Benchmarks¶
This page summarizes the benchmark utilities for the SCM stack.
Domain benchmarks (DOSE / RF / IK)¶
Run the shipped, auditable benchmark domains via the first-class harness:
python -m zeroproofml.benchmarks dose --mode smoke --device cpu
python -m zeroproofml.benchmarks rf --mode smoke --device cpu
python -m zeroproofml.benchmarks ik --mode smoke --device cpu
Reproduction landing page: 21_experiments.md.
Each run writes a self-contained directory under results/benchmarks/<domain>/ with:
- manifest.json
- provenance.json (versioned schema)
- aggregated/summary.json + aggregated/summary.md
- aggregated/paired_stats.json + aggregated/paired_stats.md
- CLAIM_AUDIT.md
Operating points in benchmarks¶
The DOSE domain exposes a clear operating-point trade-off:
- safety_first: prioritize low false in-range on censored (false_in_range_rate_on_censored)
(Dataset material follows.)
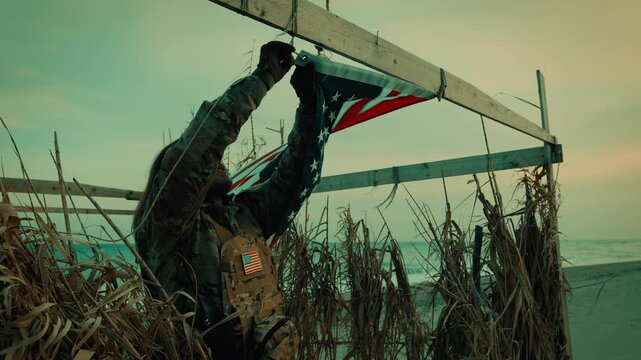 Memorial Day celebration at an American outpost with flag and soldier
- accuracy_first: prioritize low false censored on in-range (false_censored_rate_on_in_range)
- direction_aware: use the strict-gate + direction-head pattern to make bottom outputs actionable
Use a τ_infer sweep on cached |Q| (or a calibration set) to set the actual thresholds; see docs/06_inference_deployment.md.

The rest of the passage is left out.